It's big, it's furry and it's been buried in ice for 20,000 years.
The Discovery Channel co-funded this expedition to find the Jarkov Mammoth, so named after the Siberian family who found the tusks of the animal and lead the explorers to its location. The channel also produced this documentary, which is narrated by actor Jeff Bridges.
Originally aired in March of 2000, Raising The Mammoth tells the tale of Bernard Buigues and the difficulties he went through to raise the woolly mammoth out of its long-term permafrost grave.
From utilizing his contacts on the Siberian front, to hunting down and finding the resting place of the Jarkov Mammoth. To the first attempt at bringing the long extinct creature up from the depths of time to their second attempt, a full year later, the cameras of the Discovery channel are there.
The documentary ably captures the sense of history and grim determination that Buigues, along with his team, work with. The movie also gives the feeling of how difficult life must be in the Siberian plain. Clearly, this is one of the harshest places in the world to merely exist, let alone work and live with a family. The documentary does an excellent job of showing the intense sense of desperation in which the entire crew worked. The whole point of toiling in the fall when it was still very cold, as opposed to going for it in the warmer, summer season, was raising the mammoth intact and frozen so that the carcass would not melt and deteriorate. In fact, the strongest sequence in the documentary is the one that chronicles the danger filled, feverish work leading up to a massive 26 hour storm that destroyed the encampment and forced Buigues to put off his goal for another year. It is when the feature deals with these harsh realities (and the whole man against the elements angle) that it excels, and makes for compelling viewing.
Another area in which Raising The Mammoth is quite strong is when it shows the true joy and satisfaction of discovery. The impact of touching and smelling, that which has not been seen by man in over 20,000 years is an undeniably powerful image. A powerful image that Raising The Mammoth does justice by. To watch the two expedition specialists, Dick Mol and Dr. Larry Agenbroad, run their fingers though the hair of the partially unearthed woolly mammoth is to see these men experiencing their life's work finally being realized. Once more, powerful stuff.

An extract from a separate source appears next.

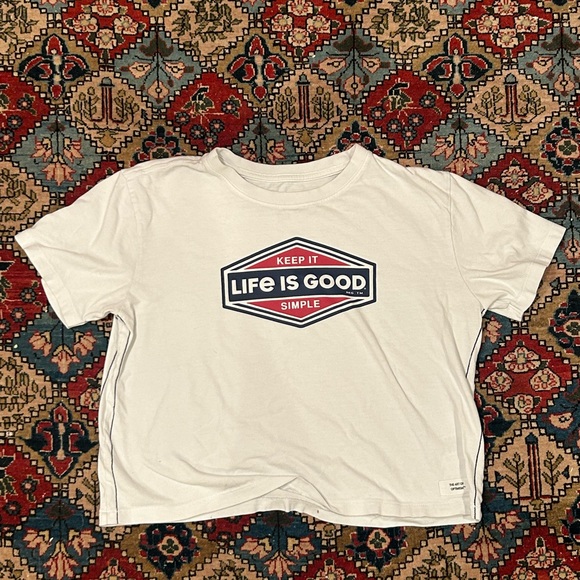 Life Is Good Tops - Cropped LIFE IS GOOD tee
Size: xs but fits a S and M Color: white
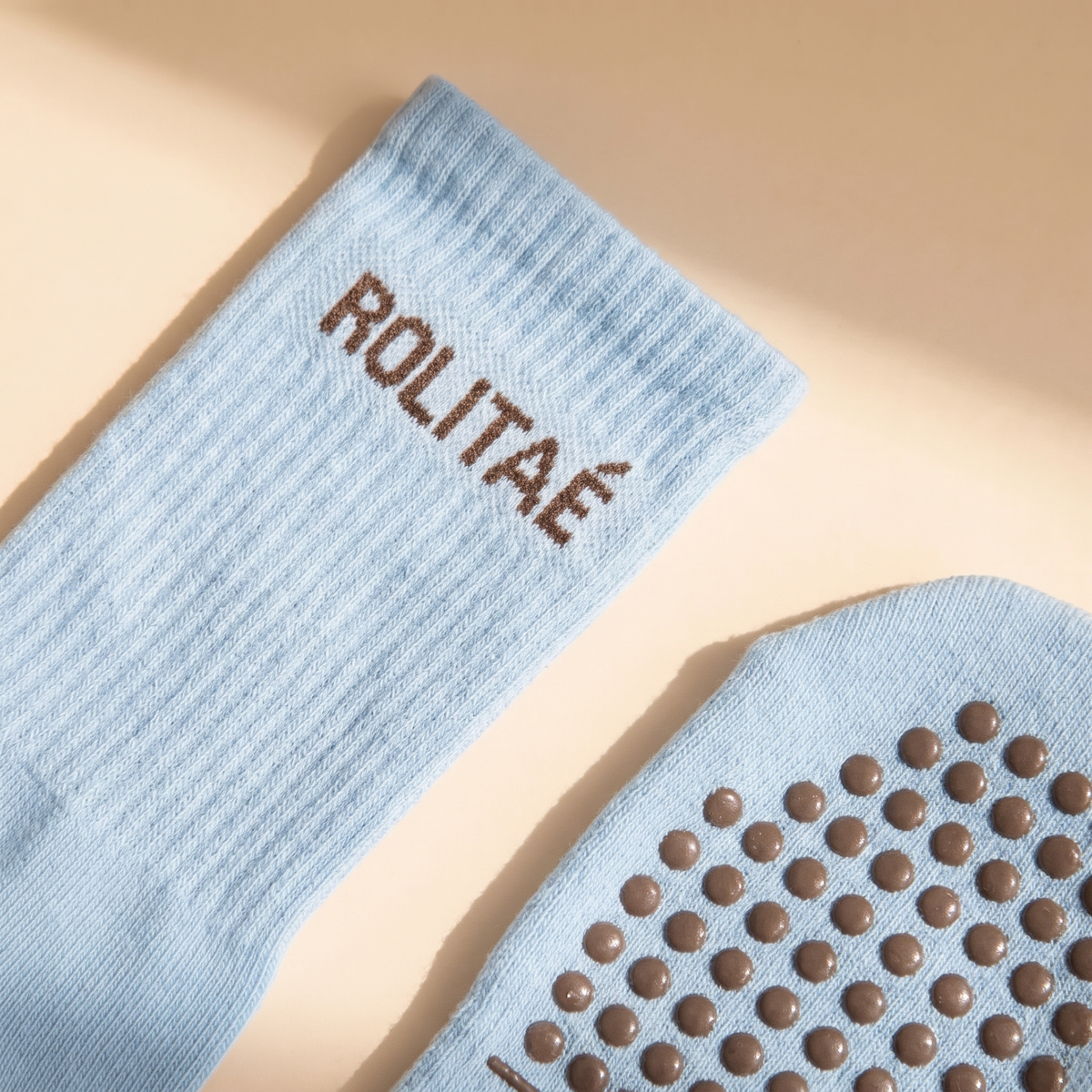 Baby blauwe pilates sokken close-up van de boord met bruin ROLITAE logo en de bruine siliconen antislip dots op de zool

Being a television production, Raising The Mammoth was shot in the 1.33:1 aspect ratio and that is what is presented here. It's a pretty good image that handles the extreme whites of the Siberian plains with ease. Detail and contrast is strong with there being little in the way of shimmer or pixel breakup. There is crispness to the image that highlights the harsh nature of the surroundings in which most of the film takes place. The picture is also quite strong when the crew ventures to the shadow filled ice caves of Khatanga where the Jarkov Mammoth will be stored and examined.
The sound is listed simply as Stereo Audio. For what it is, it is fairly serviceable. Jeff Bridges' narration comes through clear but on the whole the audio has a kind of hollowness to it. It is nothing that distracts or takes away from the documentary, it is just kind of, well, there. On the plus side, there is no background distortion or hiss that I could make out.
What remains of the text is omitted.